### WHAT YOU ARE ASKED TO DO
Copy exactly the lines of the material below that run from the one containing "Black Veil Brides @ 013 Poppodium 2027-01-19" through the one containing "DIDIER FABRIC DINING CHAIR - Image 4". Copy no other lines.

### DATA FOR REVIEW
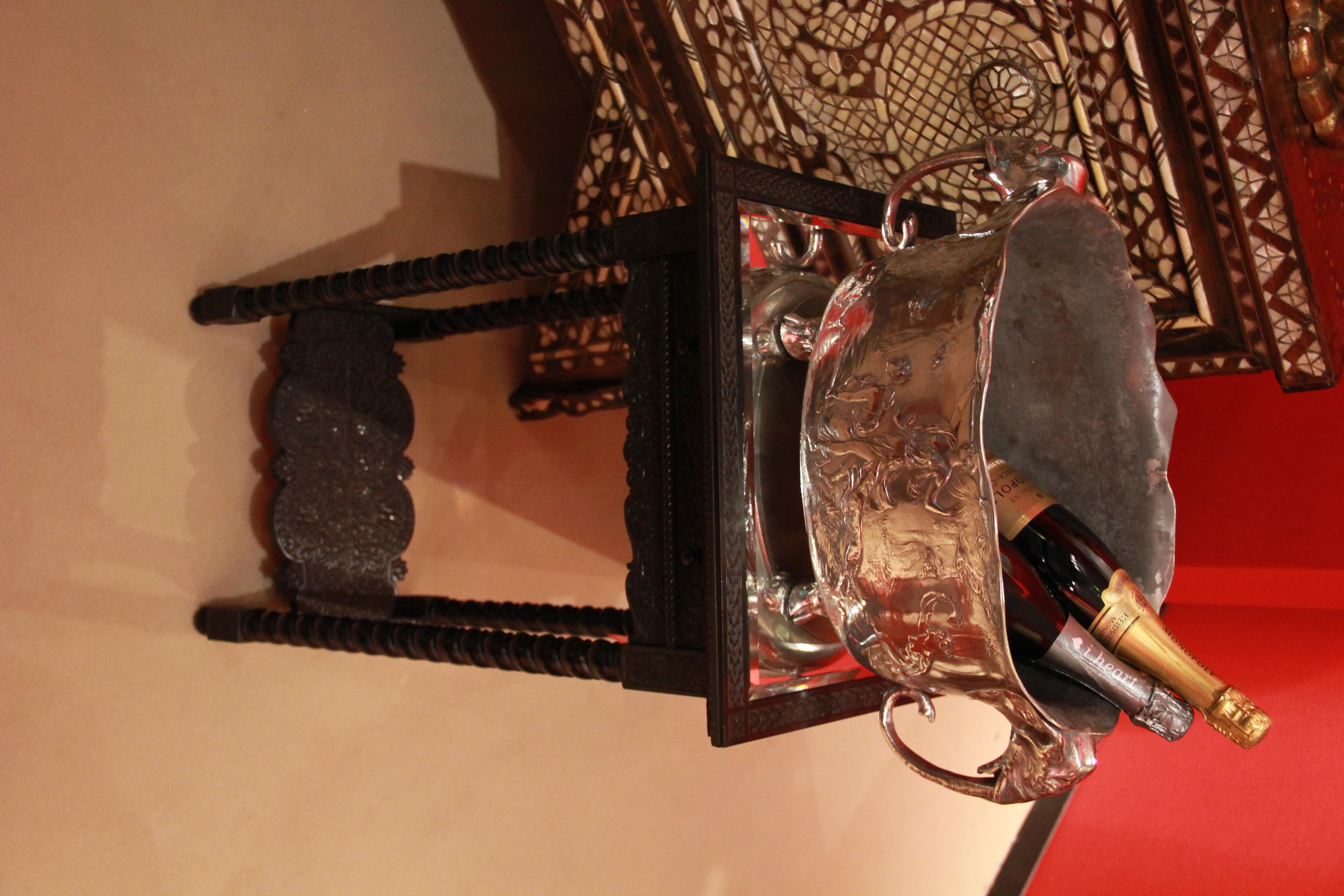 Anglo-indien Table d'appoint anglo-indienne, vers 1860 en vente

...

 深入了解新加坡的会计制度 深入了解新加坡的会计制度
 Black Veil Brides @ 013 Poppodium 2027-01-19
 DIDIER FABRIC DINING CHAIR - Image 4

==

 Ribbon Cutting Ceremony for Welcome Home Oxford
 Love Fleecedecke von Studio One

### EXERCISE RESULT
 Black Veil Brides @ 013 Poppodium 2027-01-19
 DIDIER FABRIC DINING CHAIR - Image 4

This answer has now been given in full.